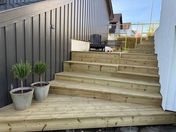 terrassetrapp med enkle og dobble trinn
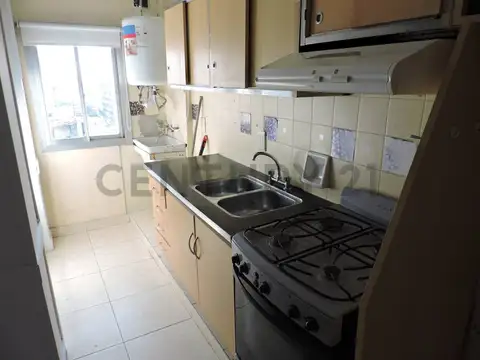 Mitre 2400, Piso 7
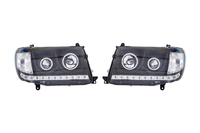 LAND CRUISER Headlight left and right (TYL020400022)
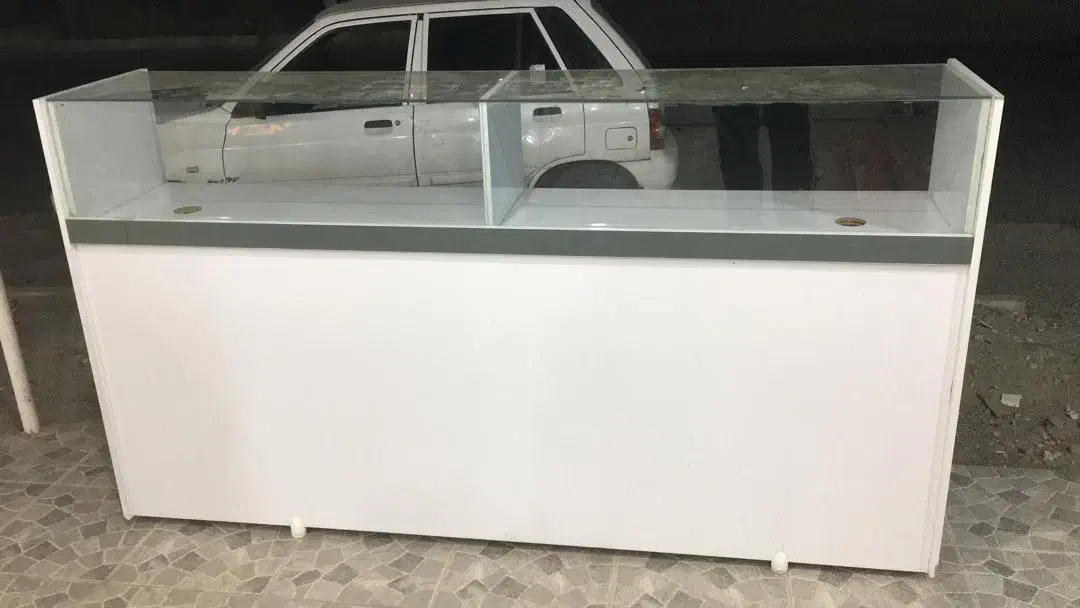 ویترین ام دی اف در حد نو چند ماه پیش ساخته شده.|فروشگاه و مغازه|جیرفت, |دیوار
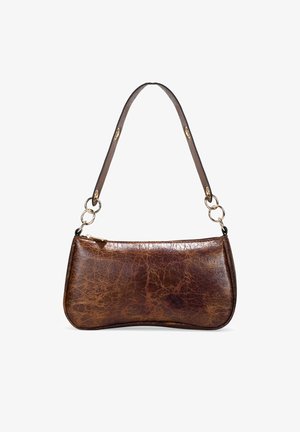 Bolso de mano de cuero marrón con un acabado texturizado, forma curvada y una correa desmontable con detalles en tono dorado y cierre de cremallera.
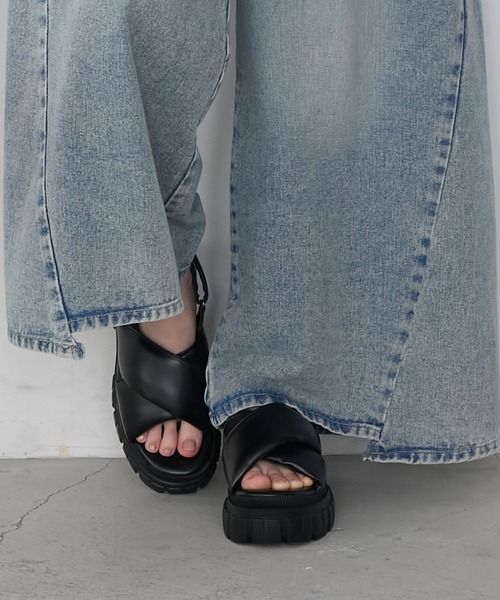 forksy.(フォルクシー)の「【forksy.】ベルトデザイン パフィー スポーツサンダル(サンダル・レディース・ブラック/オフホワイト・M/L)」の13枚目の写真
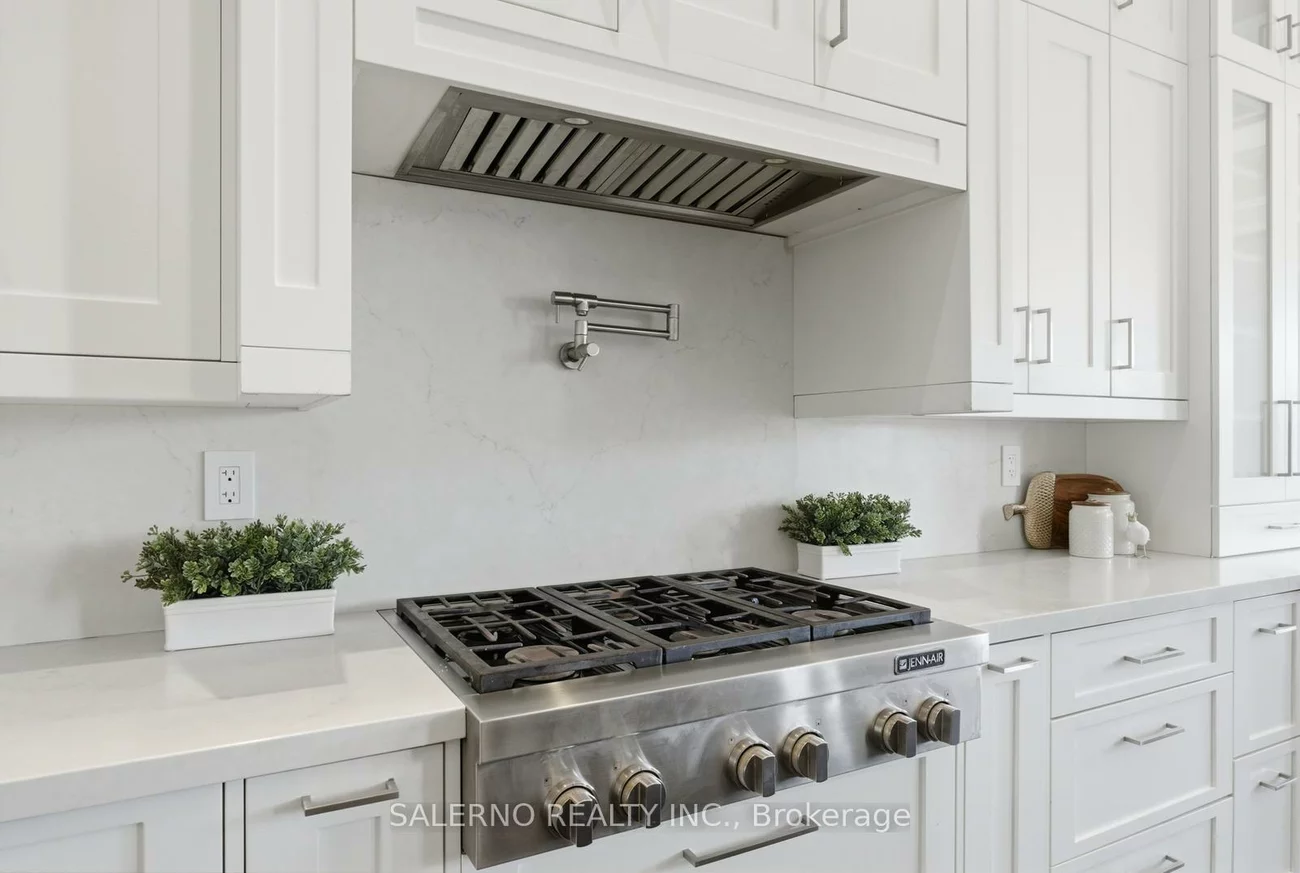 1199, Wellington, Rural King, King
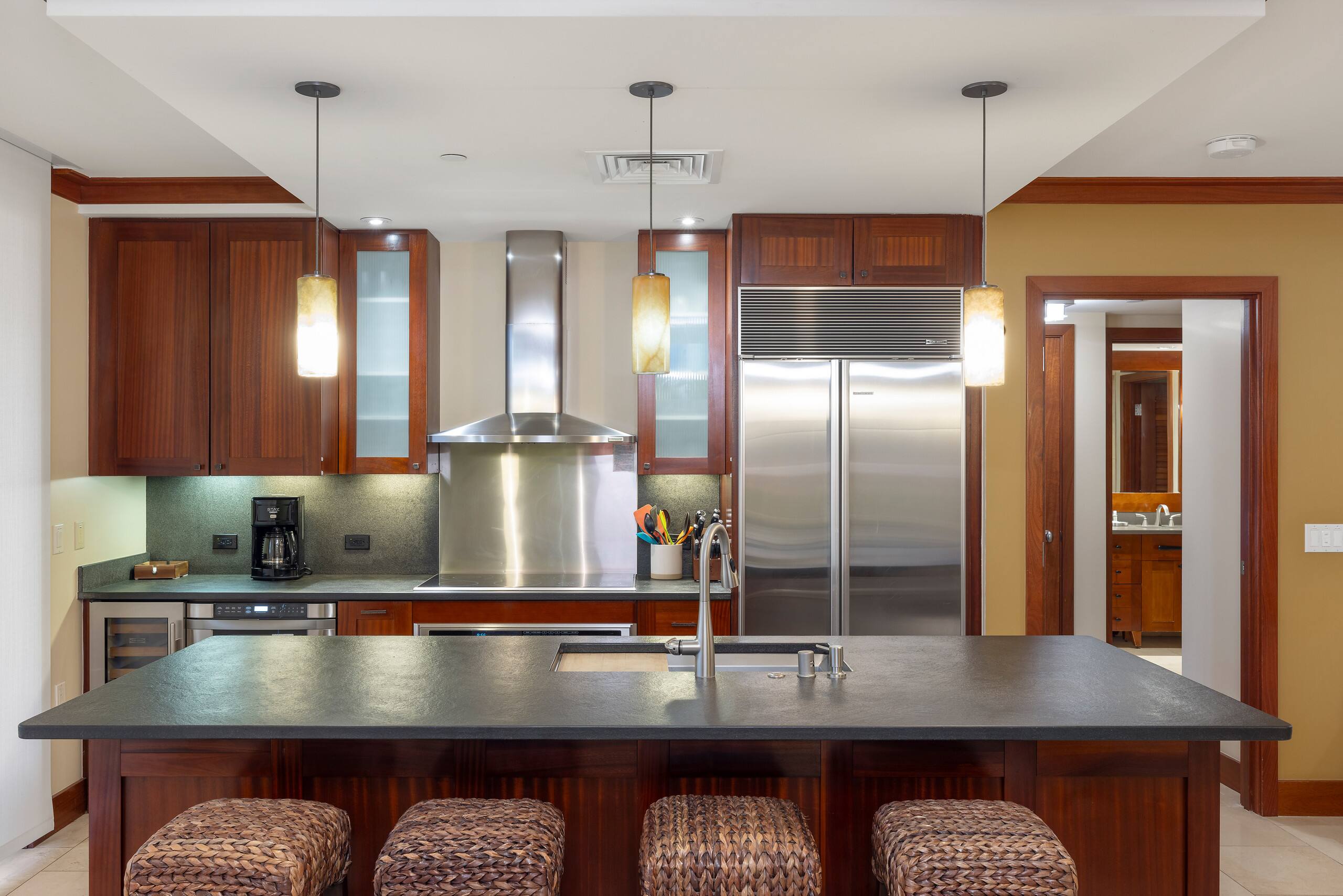 Condo in Kapolei · ★4.96 · 2 bedrooms · 3 beds · 2 shared baths - Image 9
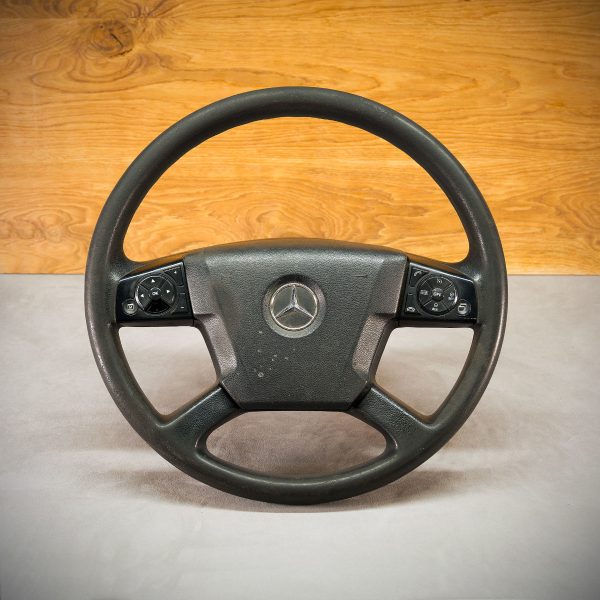 Mercedes-Benz Atego steering wheel before modification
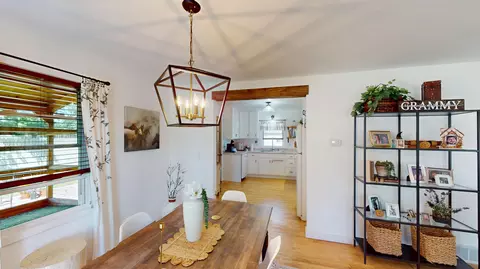 Dining - 207 Edison St, Marshfield, WI 54449 photo 2 of 4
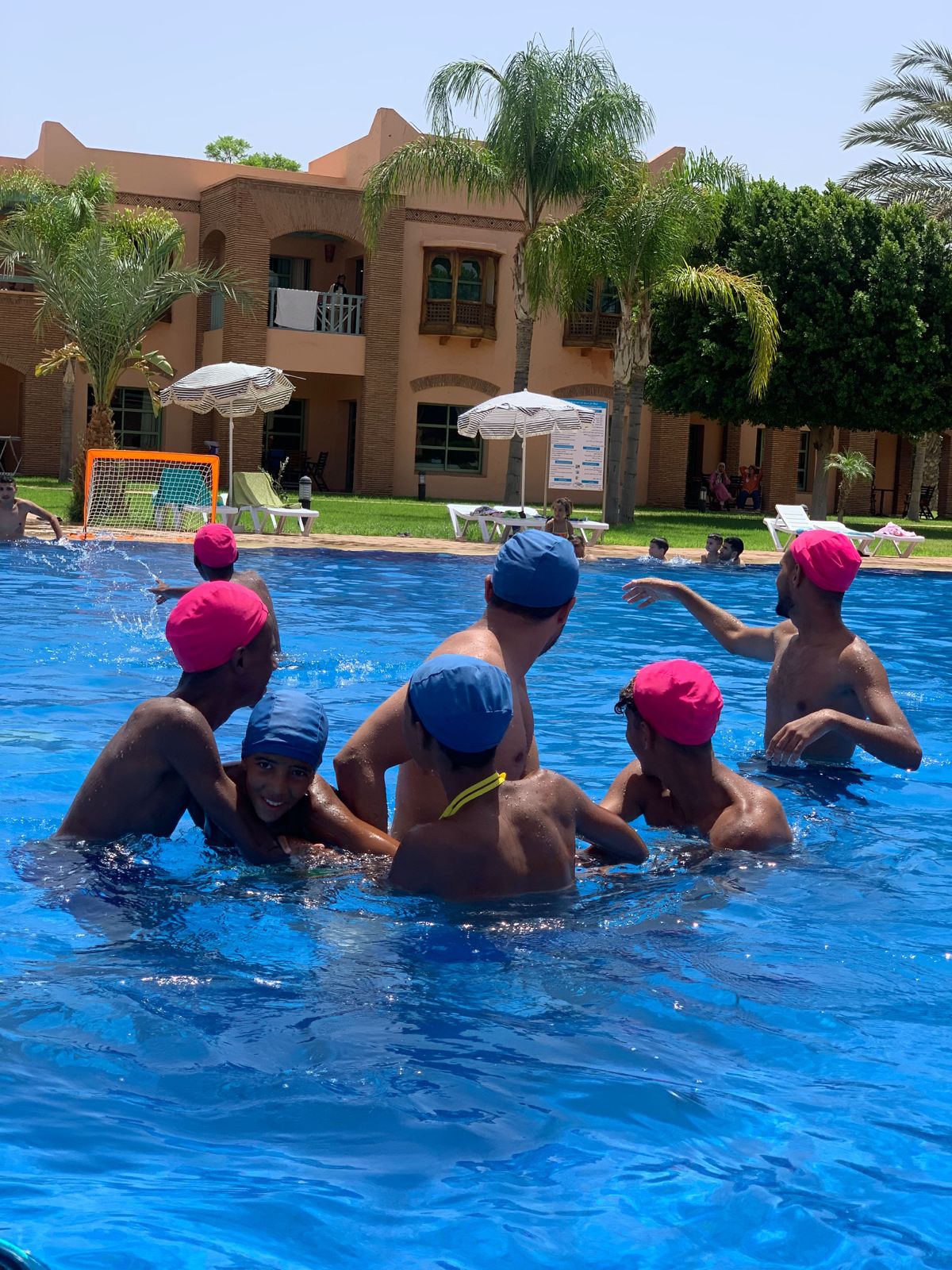 Activité aquatique - Natation avec bonnets colorés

....

ASSIGNED TASK:
Give every record again exactly, apart from the pictures, which stay out.

FINAL ANSWER:
 terrassetrapp med enkle og dobble trinn
 Mitre 2400, Piso 7
 LAND CRUISER Headlight left and right (TYL020400022)
 ویترین ام دی اف در حد نو چند ماه پیش ساخته شده.|فروشگاه و مغازه|جیرفت, |دیوار
 Bolso de mano de cuero marrón con un acabado texturizado, forma curvada y una correa desmontable con detalles en tono dorado y cierre de cremallera.
 forksy.(フォルクシー)の「【forksy.】ベルトデザイン パフィー スポーツサンダル(サンダル・レディース・ブラック/オフホワイト・M/L)」の13枚目の写真
 1199, Wellington, Rural King, King
 Condo in Kapolei · ★4.96 · 2 bedrooms · 3 beds · 2 shared baths - Image 9
 Mercedes-Benz Atego steering wheel before modification
 Dining - 207 Edison St, Marshfield, WI 54449 photo 2 of 4
 Activité aquatique - Natation avec bonnets colorés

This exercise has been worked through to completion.